Negative Population Growth in US Rural Nonmetropolitan Counties
In January 2026, the USDA, Economic Research Service (ERS) published the latest update of Rural America at a Glance: 2025 Edition. The companion chart to this post is from that publication, but is also the same chart that was published for the first time in 3 months, on the ERS Charts of Note this week. (It is so nice to see ERS posting these charts again after the 3-month pause).

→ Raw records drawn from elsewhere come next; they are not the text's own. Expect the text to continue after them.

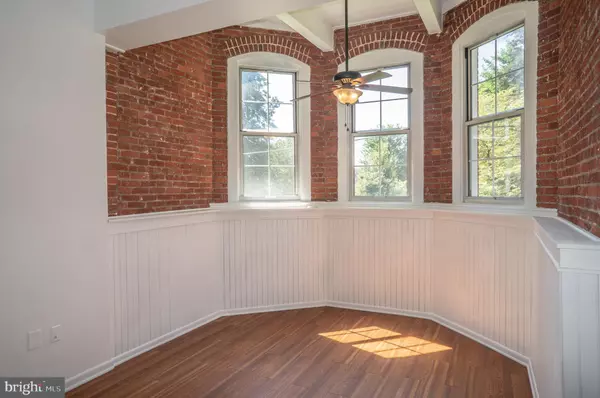 Lancaster, PA 17603,917 COLUMBIA AVE #413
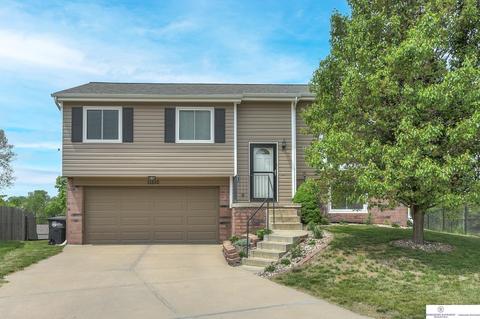 11510 Bauman Cir, Omaha, NE 68164
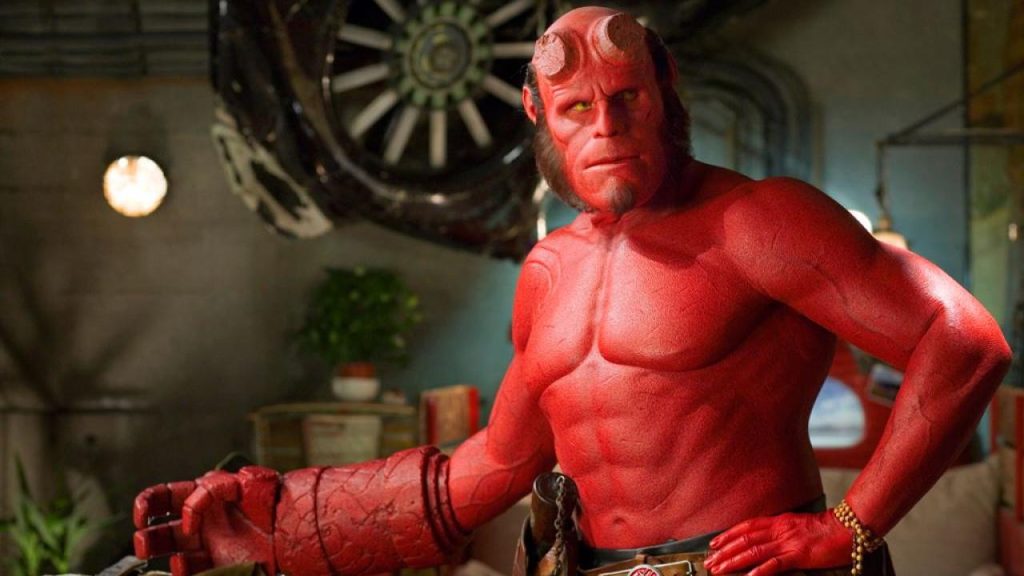 Ron Perlman quiere terminar la trilogía de Hellboy por los fans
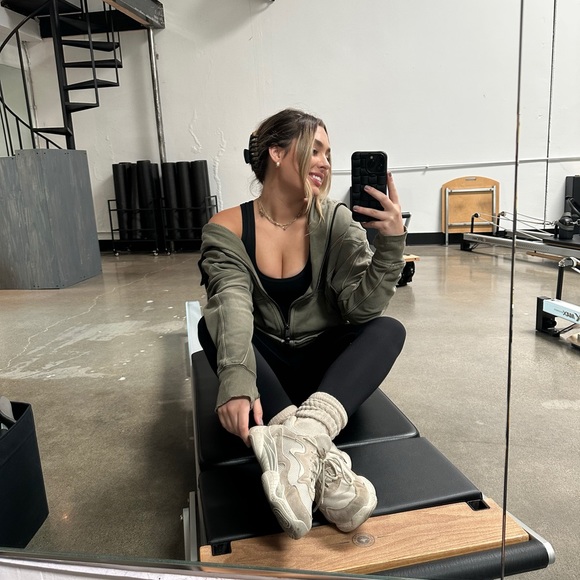 Meet your Posher, Caila - Picture 1 of 1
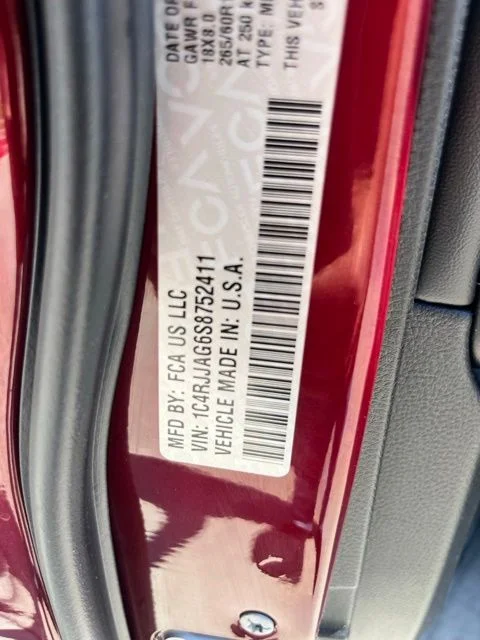 Used 2025 Red Jeep Altitude X image 15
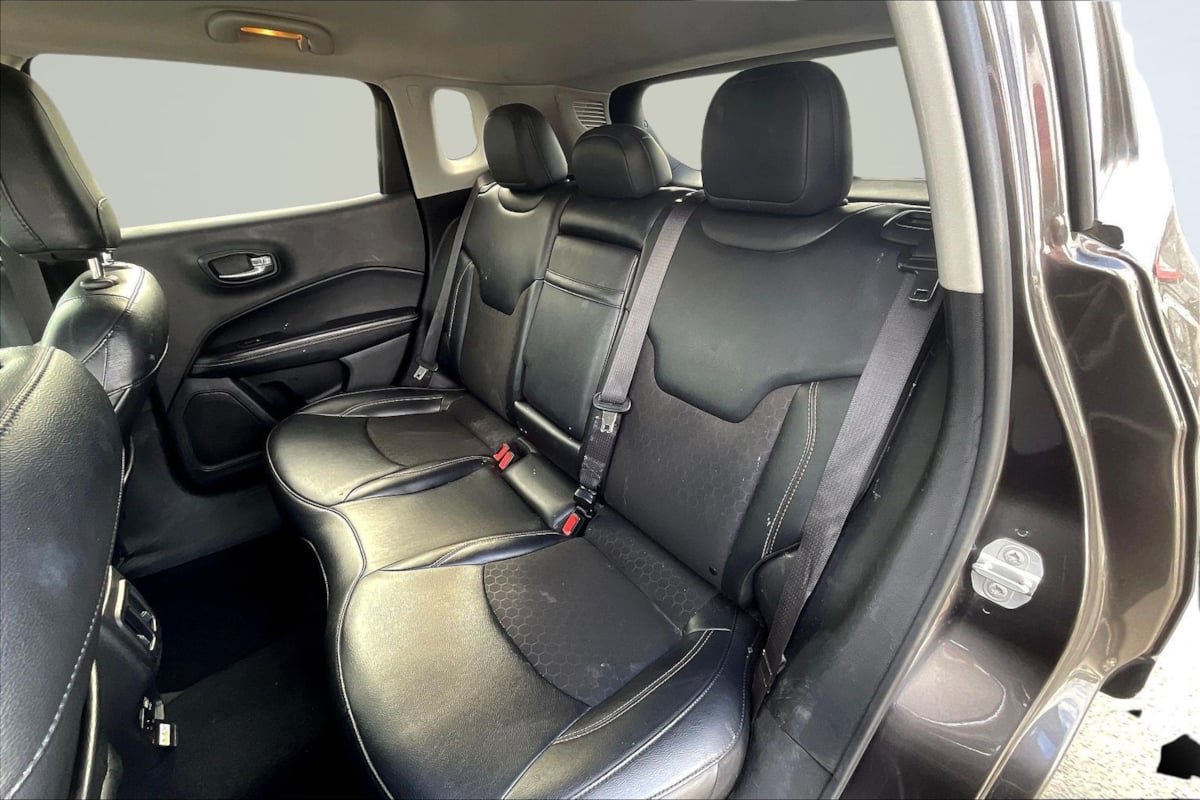 Used 2019 Jeep Compass Latitude w/ Popular Equipment Group FWD image 26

Metropolitan (Metro) and Nonmetropolitan (Non-metro) counties serve as a general proxy for rural and urban populations. They are not the same thing. Effectively, the counties that contain an urban center become the hub of the metropolitan statistical area. The St. Louis Missouri Metropolitan Statistical Area contains 14 counties and the City of St. Louis. Bond County, Illinois, the home of Biomass Rules, is 45 east of St. Louis in Illinois. Bond county is a very rural county of 16,000 people. It is part of the St. Louis Statistical Area because a significant number of residents of this rural county commute to work in the St. Louis area. So the metro counties are composed of urban centers and their rural collar counties. Non-metro counties are fairly exclusively rural.
So Non-metro counties are sparsely populated. Employment can be a challenge. For decades, US rural and non-metro counties have been losing residents. How are you going to keep them down on the farm after they have seen Pa-ree (1919)? Generations have been moving off the farm to find work and higher lifestyles in larger cities.
This chart from the recently released, Rural America at a Glance, illustrates that the natural growth cycle in nonmetropolitan counties are negative. The factor that allows populations to be positive, is that more individuals still migrate into nonmetropolitan counties. But individuals migrate into these rural areas at a lower rate than individuals migrate into the metropolitan counties. This post’s chart provides 4 years of population data.
There are nonmetropolitan and rural counties that are growing. But on average more of these counties are losing residents than gaining them.
This is a great chart. Thanks USDA, ERS for providing excellent thought leadership on this issue!